* [TASK DIRECTIONS]
Your answer is the lines below, exactly, from the one that contains "New Cycladic House" through the one that contains "Sweet & Sassy Greeting Cards - Scrapbooking", both included.

══════════════════════════════

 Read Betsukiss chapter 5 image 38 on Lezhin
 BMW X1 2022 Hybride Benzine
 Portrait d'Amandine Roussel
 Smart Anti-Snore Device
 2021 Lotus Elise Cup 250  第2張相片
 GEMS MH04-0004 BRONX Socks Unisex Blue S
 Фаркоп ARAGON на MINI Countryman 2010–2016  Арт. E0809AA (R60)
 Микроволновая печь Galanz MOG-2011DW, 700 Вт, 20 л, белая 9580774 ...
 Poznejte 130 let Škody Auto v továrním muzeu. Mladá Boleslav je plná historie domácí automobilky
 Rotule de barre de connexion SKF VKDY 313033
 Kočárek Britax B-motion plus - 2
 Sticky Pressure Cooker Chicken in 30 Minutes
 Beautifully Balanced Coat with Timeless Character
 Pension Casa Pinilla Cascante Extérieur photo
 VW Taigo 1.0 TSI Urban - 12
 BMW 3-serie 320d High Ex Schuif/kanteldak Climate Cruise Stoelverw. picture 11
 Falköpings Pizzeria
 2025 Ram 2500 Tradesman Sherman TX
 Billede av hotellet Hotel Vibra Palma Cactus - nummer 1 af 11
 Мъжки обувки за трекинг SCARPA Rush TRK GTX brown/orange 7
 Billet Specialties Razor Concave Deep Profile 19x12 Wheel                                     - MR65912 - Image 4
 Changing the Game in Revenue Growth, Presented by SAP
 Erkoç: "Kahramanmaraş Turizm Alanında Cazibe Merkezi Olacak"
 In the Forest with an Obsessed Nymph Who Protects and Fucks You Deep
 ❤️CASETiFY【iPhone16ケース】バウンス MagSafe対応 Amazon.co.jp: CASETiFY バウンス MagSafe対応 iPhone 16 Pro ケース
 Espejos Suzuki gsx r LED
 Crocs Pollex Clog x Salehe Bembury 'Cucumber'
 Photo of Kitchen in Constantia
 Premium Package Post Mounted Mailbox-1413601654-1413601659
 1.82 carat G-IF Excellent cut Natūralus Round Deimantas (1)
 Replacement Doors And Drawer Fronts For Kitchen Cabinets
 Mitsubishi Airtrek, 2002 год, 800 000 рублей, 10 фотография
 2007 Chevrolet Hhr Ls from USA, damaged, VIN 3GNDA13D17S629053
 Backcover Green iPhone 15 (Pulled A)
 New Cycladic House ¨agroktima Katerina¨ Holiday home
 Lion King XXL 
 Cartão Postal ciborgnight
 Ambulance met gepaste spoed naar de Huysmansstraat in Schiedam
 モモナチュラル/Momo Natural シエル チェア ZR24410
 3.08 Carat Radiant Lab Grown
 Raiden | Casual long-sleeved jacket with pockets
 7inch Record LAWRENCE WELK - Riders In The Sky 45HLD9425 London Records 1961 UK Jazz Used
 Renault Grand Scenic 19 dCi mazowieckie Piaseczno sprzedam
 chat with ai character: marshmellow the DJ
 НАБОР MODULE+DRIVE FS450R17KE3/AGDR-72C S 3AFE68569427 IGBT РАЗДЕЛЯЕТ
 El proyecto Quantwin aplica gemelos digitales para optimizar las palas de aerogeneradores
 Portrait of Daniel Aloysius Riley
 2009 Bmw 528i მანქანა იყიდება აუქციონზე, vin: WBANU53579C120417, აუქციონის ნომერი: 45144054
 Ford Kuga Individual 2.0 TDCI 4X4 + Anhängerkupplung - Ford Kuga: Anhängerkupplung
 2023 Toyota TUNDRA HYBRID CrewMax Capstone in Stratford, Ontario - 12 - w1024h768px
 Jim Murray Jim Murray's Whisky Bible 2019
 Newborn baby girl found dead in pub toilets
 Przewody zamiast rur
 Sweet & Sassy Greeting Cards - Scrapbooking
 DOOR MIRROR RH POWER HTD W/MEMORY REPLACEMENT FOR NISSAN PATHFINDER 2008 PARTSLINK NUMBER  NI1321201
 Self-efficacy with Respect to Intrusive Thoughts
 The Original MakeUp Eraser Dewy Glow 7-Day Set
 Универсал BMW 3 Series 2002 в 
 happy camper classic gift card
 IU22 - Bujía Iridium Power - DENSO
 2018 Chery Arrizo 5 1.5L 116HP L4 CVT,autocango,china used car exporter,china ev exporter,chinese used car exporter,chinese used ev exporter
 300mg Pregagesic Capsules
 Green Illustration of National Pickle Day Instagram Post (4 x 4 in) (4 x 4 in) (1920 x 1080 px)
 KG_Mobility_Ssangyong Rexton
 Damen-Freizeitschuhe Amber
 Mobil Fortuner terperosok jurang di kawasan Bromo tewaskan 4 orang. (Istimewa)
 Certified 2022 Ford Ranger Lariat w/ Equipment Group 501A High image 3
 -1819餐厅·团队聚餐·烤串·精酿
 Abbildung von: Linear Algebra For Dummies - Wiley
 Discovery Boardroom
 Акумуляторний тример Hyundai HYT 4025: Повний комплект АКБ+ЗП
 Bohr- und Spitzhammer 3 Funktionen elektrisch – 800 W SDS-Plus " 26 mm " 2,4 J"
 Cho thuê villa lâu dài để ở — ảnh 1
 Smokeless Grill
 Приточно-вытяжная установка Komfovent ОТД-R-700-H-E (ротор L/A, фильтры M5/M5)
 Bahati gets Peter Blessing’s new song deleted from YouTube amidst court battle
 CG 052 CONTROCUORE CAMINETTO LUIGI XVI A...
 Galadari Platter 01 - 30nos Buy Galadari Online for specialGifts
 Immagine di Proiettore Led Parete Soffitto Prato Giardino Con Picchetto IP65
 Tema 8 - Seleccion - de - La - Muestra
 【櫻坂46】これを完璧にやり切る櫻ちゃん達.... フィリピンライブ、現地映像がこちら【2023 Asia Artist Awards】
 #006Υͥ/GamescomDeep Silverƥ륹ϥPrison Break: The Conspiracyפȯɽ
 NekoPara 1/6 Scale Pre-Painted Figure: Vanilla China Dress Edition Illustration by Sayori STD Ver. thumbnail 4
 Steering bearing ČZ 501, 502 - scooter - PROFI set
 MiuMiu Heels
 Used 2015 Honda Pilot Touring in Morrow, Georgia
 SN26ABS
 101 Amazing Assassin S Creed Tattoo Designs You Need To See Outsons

══════════════════════════════

* [RESPONSE FOR THIS EXERCISE]
 New Cycladic House ¨agroktima Katerina¨ Holiday home
 Lion King XXL 
 Cartão Postal ciborgnight
 Ambulance met gepaste spoed naar de Huysmansstraat in Schiedam
 モモナチュラル/Momo Natural シエル チェア ZR24410
 3.08 Carat Radiant Lab Grown
 Raiden | Casual long-sleeved jacket with pockets
 7inch Record LAWRENCE WELK - Riders In The Sky 45HLD9425 London Records 1961 UK Jazz Used
 Renault Grand Scenic 19 dCi mazowieckie Piaseczno sprzedam
 chat with ai character: marshmellow the DJ
 НАБОР MODULE+DRIVE FS450R17KE3/AGDR-72C S 3AFE68569427 IGBT РАЗДЕЛЯЕТ
 El proyecto Quantwin aplica gemelos digitales para optimizar las palas de aerogeneradores
 Portrait of Daniel Aloysius Riley
 2009 Bmw 528i მანქანა იყიდება აუქციონზე, vin: WBANU53579C120417, აუქციონის ნომერი: 45144054
 Ford Kuga Individual 2.0 TDCI 4X4 + Anhängerkupplung - Ford Kuga: Anhängerkupplung
 2023 Toyota TUNDRA HYBRID CrewMax Capstone in Stratford, Ontario - 12 - w1024h768px
 Jim Murray Jim Murray's Whisky Bible 2019
 Newborn baby girl found dead in pub toilets
 Przewody zamiast rur
 Sweet & Sassy Greeting Cards - Scrapbooking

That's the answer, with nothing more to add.